(DATASET RECORDS)
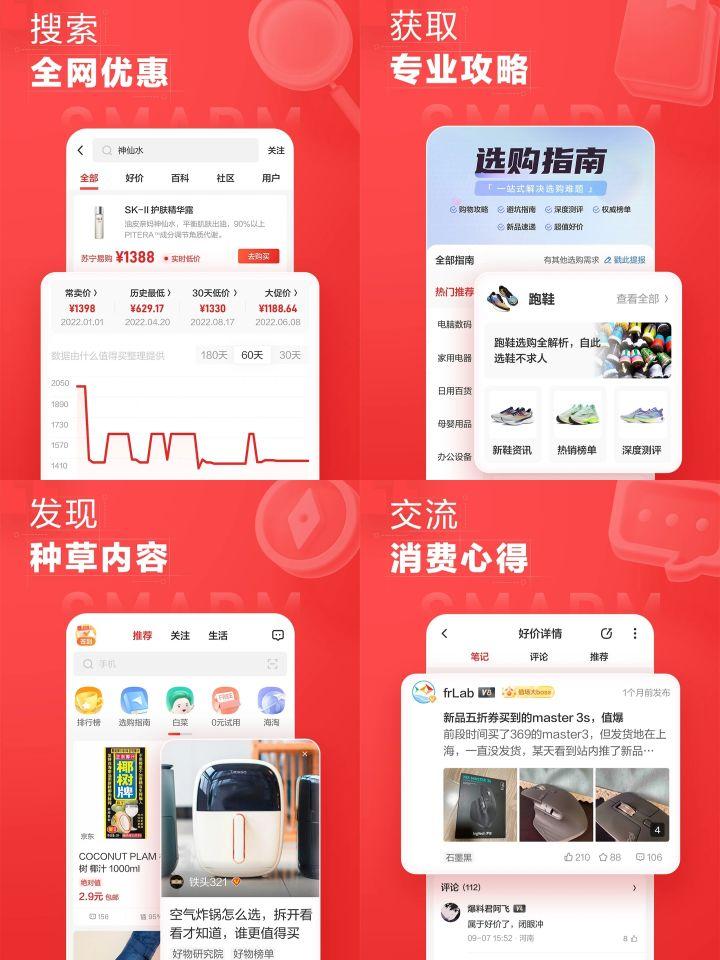 适合学生学习的APP汇总（学生党必备的宝藏APP）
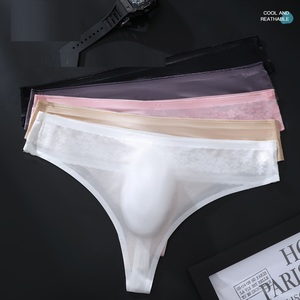 Slip <span class=keywords><strong>perizoma</strong></span> da <span class=keywords><strong>uomo</strong></span> a vita bassa, sexy, in rete e <span class=keywords><strong>pizzo</strong></span>, senza cuciture, con pochette 3D, taglio laser, semitrasparente - Product Image 3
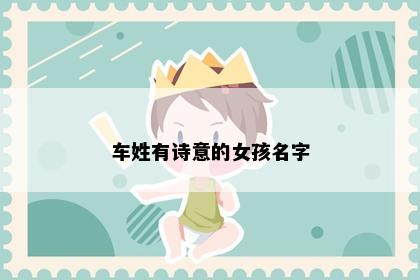 车姓有诗意的女孩名字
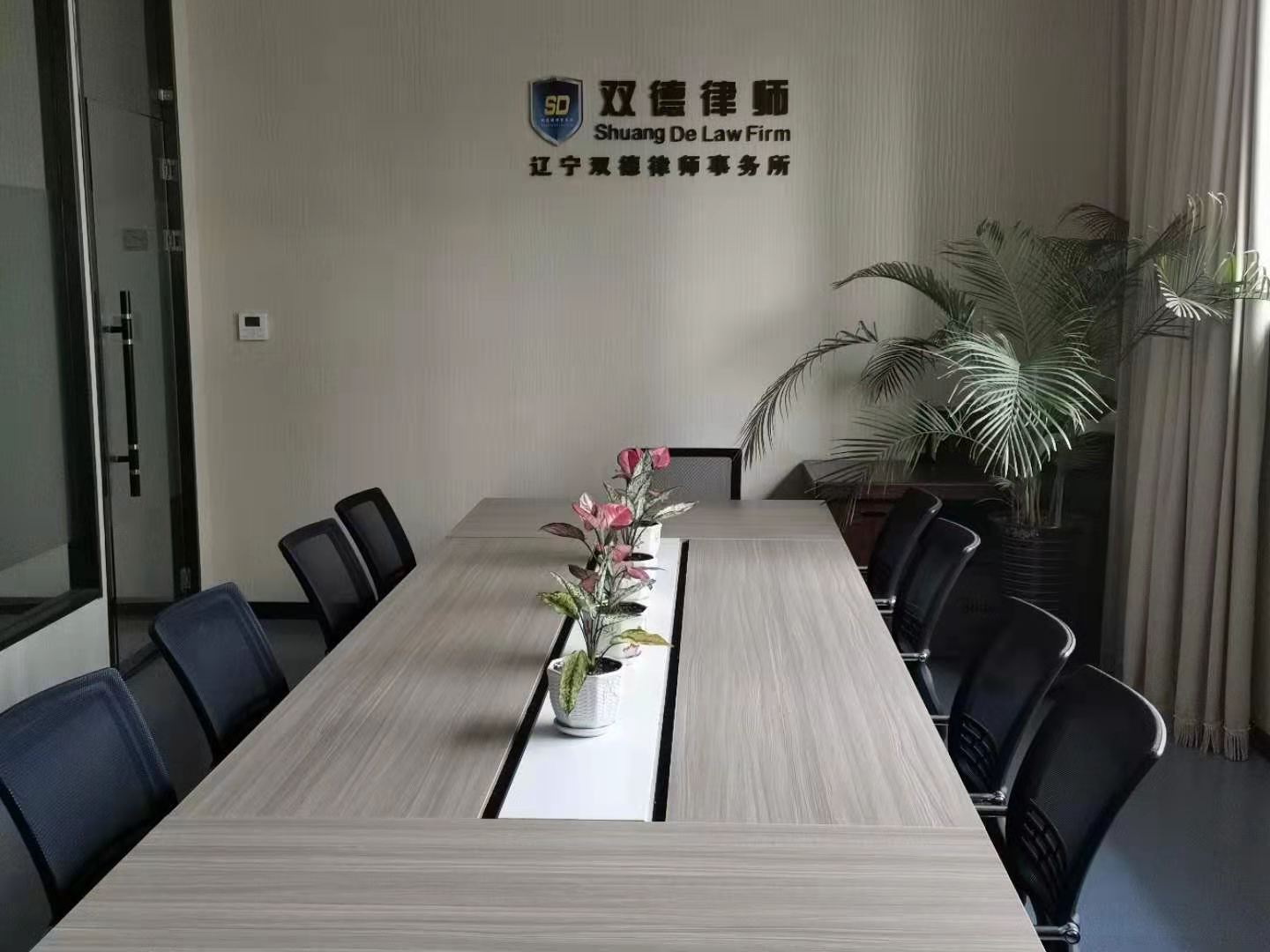 微信图片_20210329155104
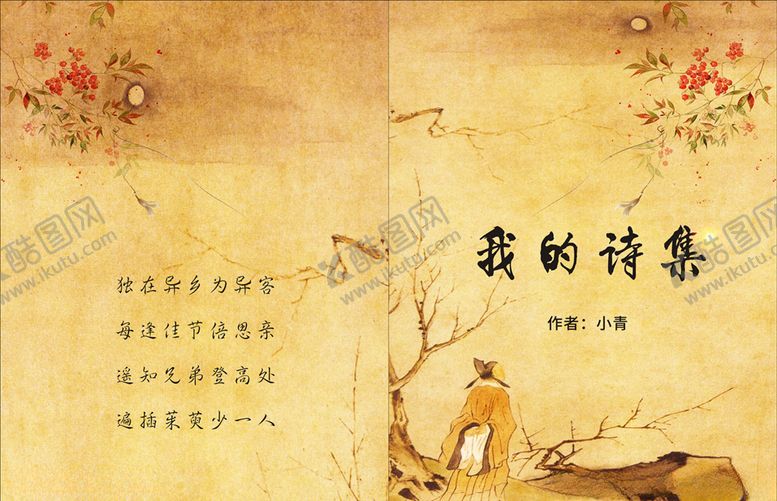 编号：50924906241159007921【酷图网】源文件下载-我的诗集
(End DATASET RECORDS)
> **WHAT IS NEEDED**: Skip the images and restate each record above word for word.

> **SOLUTION**:
 适合学生学习的APP汇总（学生党必备的宝藏APP）
 Slip <span class=keywords><strong>perizoma</strong></span> da <span class=keywords><strong>uomo</strong></span> a vita bassa, sexy, in rete e <span class=keywords><strong>pizzo</strong></span>, senza cuciture, con pochette 3D, taglio laser, semitrasparente - Product Image 3
 车姓有诗意的女孩名字
 微信图片_20210329155104
 编号：50924906241159007921【酷图网】源文件下载-我的诗集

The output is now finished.